However, in the SNN domain, the CRNN structure has not been widely investigated especially for the action recognition problem. One of the main challenges in developing a spiking CRNN is how to manage the training process of spiking neurons. Additionally, the consecutive information recurrency is difficult to achieve in the SNN since the traditional probabilistic based functions do not comply with spikes. In this paper, the SLAYER algorithm is used as an efficient, general supervised training mechanism for SNNs. Based on the spiking model of SLAYER, we design a network structure that can achieve both forward and recurrent information propagation.

3. Spiking Convolutional Recurrent Neural Network (SCRNN)

In this section, the novel system using SCRNN for action recognition is described. The fundamentals of 3D spiking convolution and the related SCRNN model are described in the following subsections.

3.1. Spiking Convolution Operation

Consider an input sequence S(n), n = 0, 1, 2, ...N as is illustrated in Figure 2. At each time step, S(n) is a 3D tensor with shape {u, v, t} where u and v denote the width and height of each frame and t correspond to the pre-defined time resolution. For a given event-based video stream, it can be arbitrarily segmented into several tensors according to the desired temporal frequency. For example, for a 1.5 s 128 × 128 resolution events data stream with 30 ms temporal resolution and 1ms sampling time can form a input sequence S(n), n = 0, 1, 2, ...50. For each segments, the tensor shape is {128, 128, 30}.

FIGURE 2

Figure 2. The 3D spiking convolution operation. Red: represents the spiking convolution through a defined 3D volume.

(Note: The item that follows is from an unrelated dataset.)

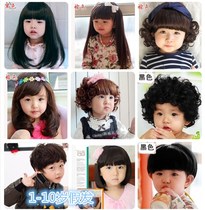 Baby wig baby child wig set Princess long curly hair photography wig set girl wig Korean headdress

The sampled input tensor S(n) with a shape of {u, v, t} is convolved with a 3D convolutional kernel to generate a spiking neuronal feature map. The spikes within an arbitrary kernel can be regarded as a bunch of spike trains s_{u, v}(t) where each spike train corresponds to the spikes at a specific coordinate (u, v) within the temporal resolution window t. Each neuron in the feature map receives the spikes from the neurons in the 3D convolutional kernel. The spikes in the region of the kernel are integrated to generate membrane potential for a single neuron in the feature map. The neurons in a map detect the Spatio-temporal dynamic patterns in different 3D volumes. Unlike the standard feature map generated by CNN, the information at each coordinate in a spiking feature map is expressed by spike trains which can be considered as a spiking representation of detected patterns.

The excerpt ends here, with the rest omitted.